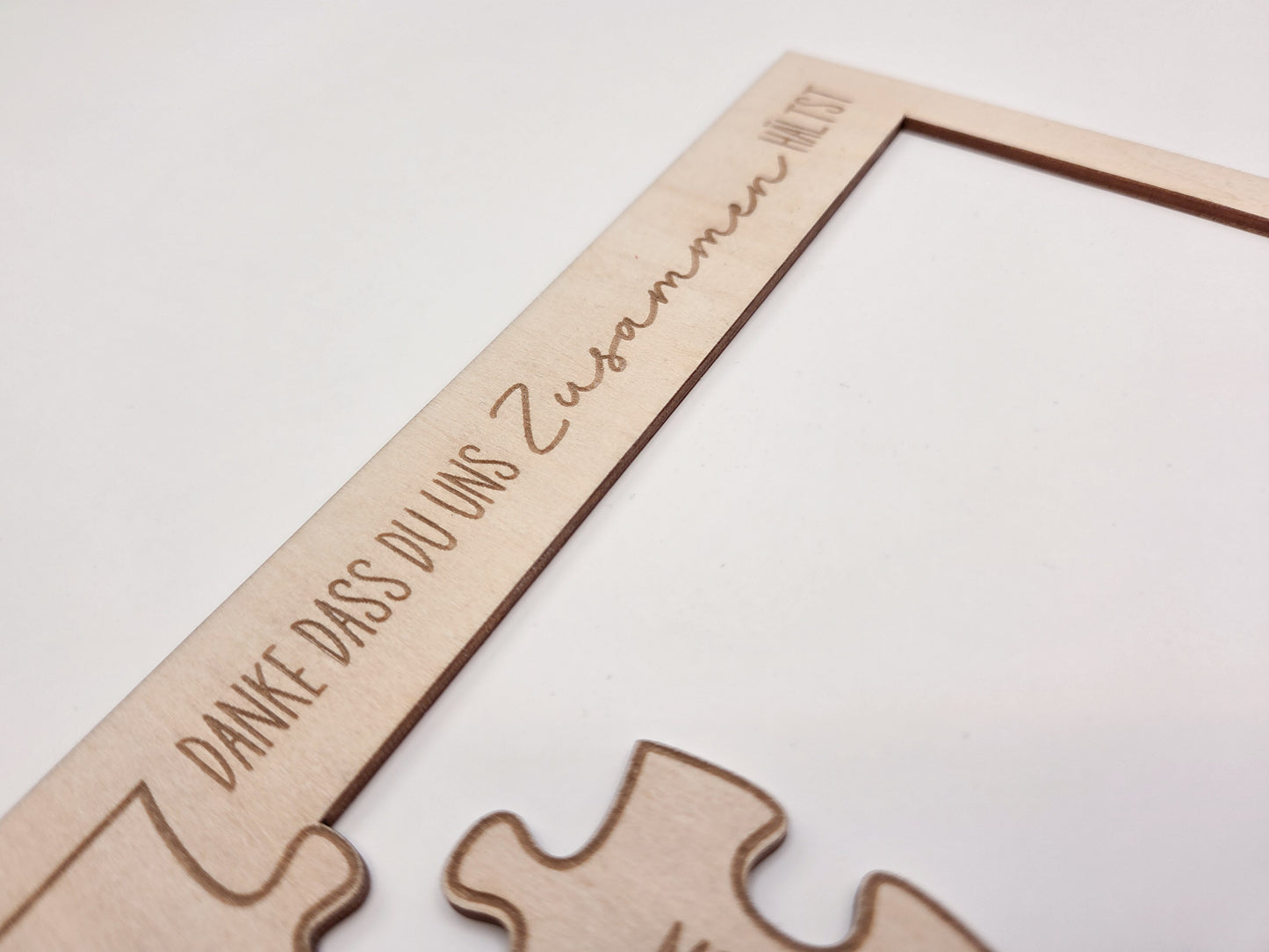Personalisierter Bilderrahmen aus Holz mit Passepartout im skandinavischen Stil, emotionales Mama Geschenk mit Familienfoto, gravierter Schriftzug „Danke dass du uns zusammen hältst“, Puzzle Design mit Namen Luisa, Moritz, Mama, Julian, individuelles Muttertagsgeschenk, Fotogeschenk Familie, personalisiertes Geschenk Mama, Holzrahmen modern, Familienrahmen mit Namen, Geschenk für Mutter, Bilderrahmen personalisiert, liebevolles Erinnerungsstück für Zuhause, Geschenkidee Mama Geburtstag Weihnachten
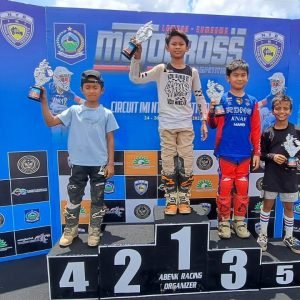 Para pembalap cilik naik podium pada ajang motocross Lombok-Sumbawa 2023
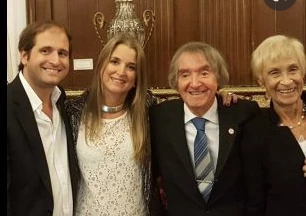 foto familiar de Carlitos Balá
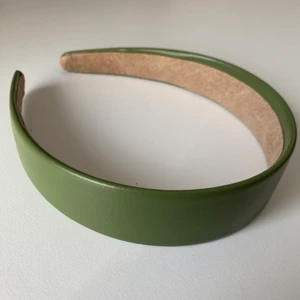 Grönt hårband - Ett grönt hårband som inte används då jag slutat använda sånna! Nästan aldrig använd, nyskick😉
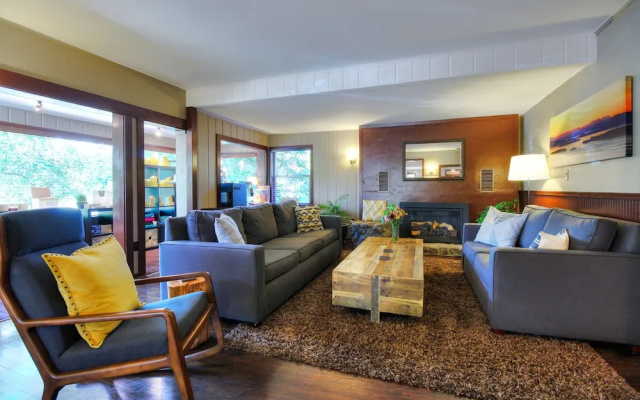 Earthbox Inn & Spa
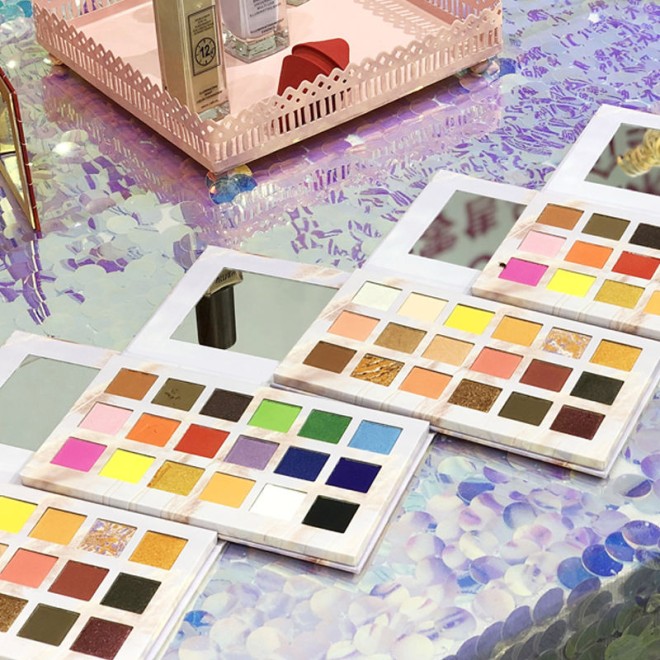 18-Color Eyeshadow Palette High Pigment Waterproof Makeup Tray Set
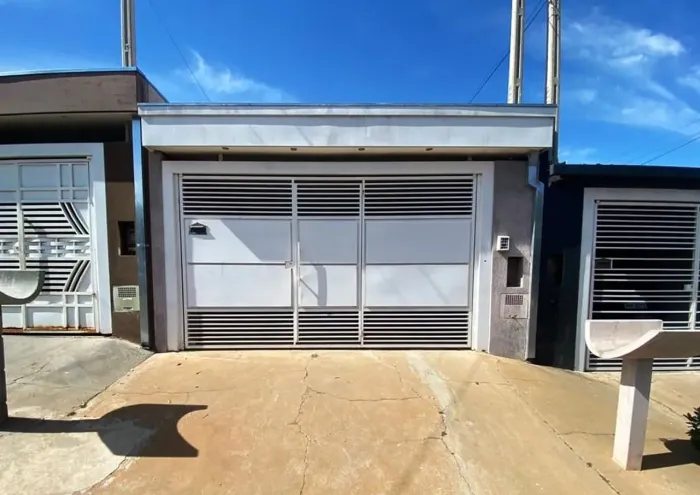 Casa com 2 dormitórios para alugar, 110 m² por R$ 1.500,01/mês - Jardim Santa Antonieta -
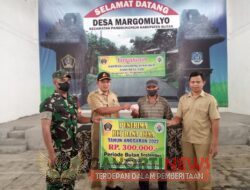 Pastikan Berjalan Lancar Dan Aman, Babinsa Koramil Panggungrejo Dampingi Penyaluran BLT DD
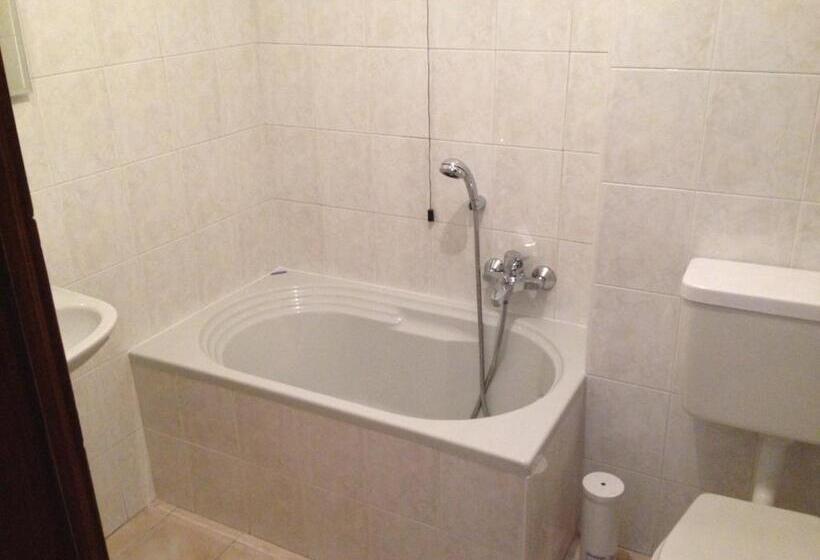 ホテル De La Tour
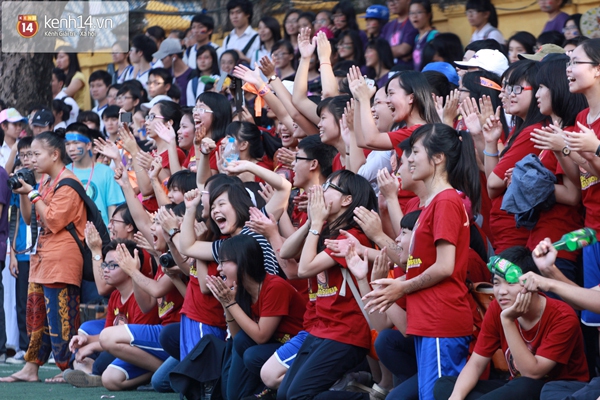 Buổi hoán đổi trên sân cỏ của các nữ cầu thủ và nam cheerdance Chu Văn An 9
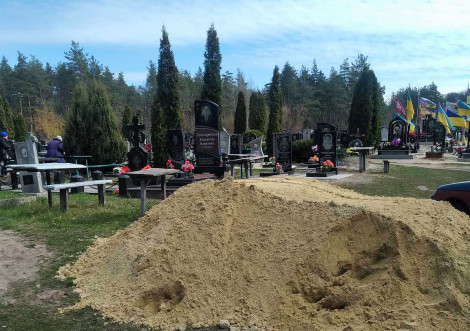 КП «Міська ритуальна служба» завезла пісок на кладовища Тростянця до Великодня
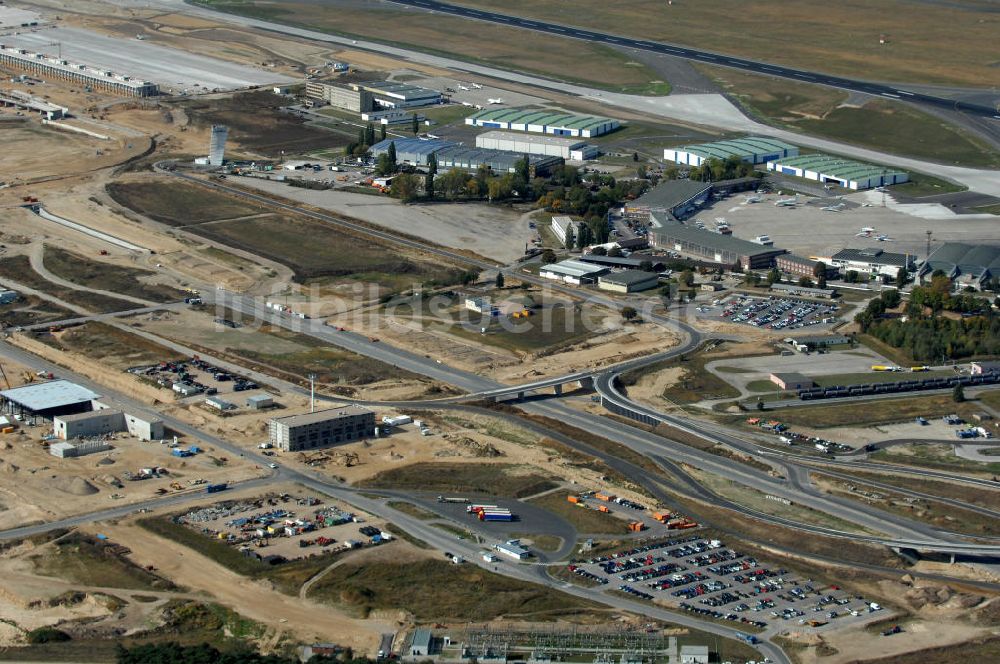 Schönefeld von oben - Straßenführung zum Flughafen Berlin-Schönefeld BBI (SXF) im Nordosten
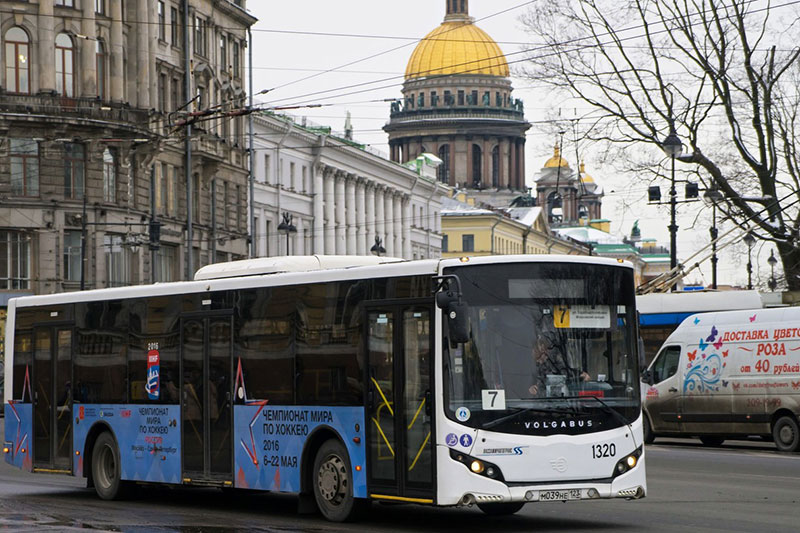 Росгвардия будет охранять кондукторов в общественном транспорте Петербурга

• [ASSIGNED TASK]:
The lines to copy run from the line containing "Pastikan Berjalan Lancar" through the end of the data above; copy exactly those, minus the pictures.

• [OUTPUT FOR THIS EXERCISE]:
 Pastikan Berjalan Lancar Dan Aman, Babinsa Koramil Panggungrejo Dampingi Penyaluran BLT DD
 ホテル De La Tour
 Buổi hoán đổi trên sân cỏ của các nữ cầu thủ và nam cheerdance Chu Văn An 9
 КП «Міська ритуальна служба» завезла пісок на кладовища Тростянця до Великодня
 Schönefeld von oben - Straßenführung zum Flughafen Berlin-Schönefeld BBI (SXF) im Nordosten
 Росгвардия будет охранять кондукторов в общественном транспорте Петербурга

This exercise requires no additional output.